I love rock 'n' roll, but I’m tired of having to look in the rear view mirror to get it, so I sift through the myriad bands that pitch it retro and throwback -- bands that sort of lose the point as they wallow in cliché.
Few bands the world over get it right, so when one comes along I’m a tad apprehensive. I’ve been hurt before, you see. My wife and I figured we’d give English rockers The Struts a shot Saturday night in the basement venue of the Main Street Armory. Let me say right off, this is a great venue with hints at the Penny Arcade or Scorgies. It's got a stripped-down underground appeal, and the sound was infinitely more discernible without threatening the volume.
The show was uncharacteristically on time, so we missed the two warm-up acts. The crowd of roughly 500 was a pogo stick parade with its hands in the air as The Struts sashayed onto the stage and rocked it hard for a good 90 minutes. The room was clearly filled with fans as the prompts for sing-alongs were answered thunderously.

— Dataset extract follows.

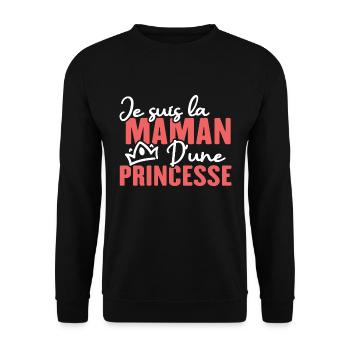 Je suis la maman d une princesse - Sweat-shirt Unisexe - noir - Devant - Alina (178cm) & Michal (187cm)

The band was a mix of glam rock aesthetic with nods to Nazareth, Humble Pie, Aerosmith, Queen -- singer Luke Spiller looks a lot like Mr. Mercury, and he's employed Mercury’s seamstress, Zandra Rhodes, to design his onstage threads -- and dips into more contemporary waters, like Oasis. Adam Slack’s guitar playing was tastefully refined with riffs-o-plenty.
The band didn’t over perform it, despite Spiller’s costume changes and drunken marionette dance moves, and delivered some incredible, in-the-the pocket rock that seems to be coming straight at us, not from behind.